If y'all want a good laugh then go ahead and read that joint and get your giggle on to factual nuggets like, 'the GOP is heading into the 2008 election without a single minority candidate with a plausible chance of winning a campaign for the House, the Senate or governor' or 'At the start of the Bush years, the Republican National Committee — in tandem with the White House — vowed to usher in a new era of GOP minority outreach'. You need to quit, Politico! You're killing me! This is almost as bad as the GOP diversity plan Jesse Helms put forth back in 2000!
No rather than that tired reportin', Politico needs to be diggin' deep like ol Ty. My regular readers will note that back in 2004, I was uncovering the ridiculous lack of diversity on the ABC reality staple The Bachelor/Bachelorette. Well, it's 2008 - four damn years later. Last week they roled out a new Bachelorette - DeAnna Pappas - and once again included 'Token Brother' in the initial crop of 25 bachelors. Hmmm...wonder how homey did...
First, a quick profile of 'Token Brother'.TB Jeffrey hails from Miami but now calls Orlando home. He is a math teacher. He has all his teeth. Current status after one week on The Bachelorette? SENT HOME. Somehow, I didn't see that comin'.

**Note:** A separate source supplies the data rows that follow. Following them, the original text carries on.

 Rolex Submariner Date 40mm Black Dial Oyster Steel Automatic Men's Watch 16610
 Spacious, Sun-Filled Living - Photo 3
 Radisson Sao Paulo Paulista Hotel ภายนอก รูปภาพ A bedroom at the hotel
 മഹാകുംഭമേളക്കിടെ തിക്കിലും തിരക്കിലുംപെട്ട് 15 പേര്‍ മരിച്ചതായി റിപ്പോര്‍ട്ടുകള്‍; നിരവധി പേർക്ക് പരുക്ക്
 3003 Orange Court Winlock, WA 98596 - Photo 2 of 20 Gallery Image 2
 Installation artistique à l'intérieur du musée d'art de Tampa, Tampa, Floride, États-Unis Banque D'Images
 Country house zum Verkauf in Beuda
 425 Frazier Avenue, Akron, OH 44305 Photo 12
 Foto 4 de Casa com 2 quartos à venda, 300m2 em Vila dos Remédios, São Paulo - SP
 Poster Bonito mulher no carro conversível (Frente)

Now I know y'all are all like, 'Well dang, Ty! What you doin' watchin' that stuff anyway?' Quite simply - research. I put it out there four years ago, so I have a journalistic obligation to keep watchin' until they flip the script and have a southside shorty Bachelorette, twenty-four southside homeys and one northside homey. See VH1 tried to get a brother all distracted with 'Flavor of Love' and 'I Love New York' but ol Ty is holdin' out for a major broadcaster to get with the program.
In Episode 1 last week, poor Jeffrey had a quick chat with homegirl when he hopped out of the limo, then instead of gettin' some 1-on-1 time later, he got backdoored and interviewed by DeAnna girlfriend. Clearly her later report back to her girl wasn't favorable (uh DeAnna, you know he's black, right? I mean oh my gawd).
So Jeffrey went home - good job, good teeth and all and DeAnna is left to revel in the attention of the 15 northside homeys who remain. That's what I call good, safe programming. After all, supposed Jeffrey had made it to the final three and garnered a date home to visit DeAnna's parents? That would have been a whole new show, y'all with language only heard on late night cable...or Grand Theft Auto IV.
So rest assured, y'all. I'll stay in the watchtower on this one. I plan to report back in 2012 at which time the Bachelor/Bachelorette will be off the air and ABC will be picking up the option on Flavor of Love 16 cuz we all luv us some Flava Flav - Yeaaaaaaaa, boyeeeeeeee!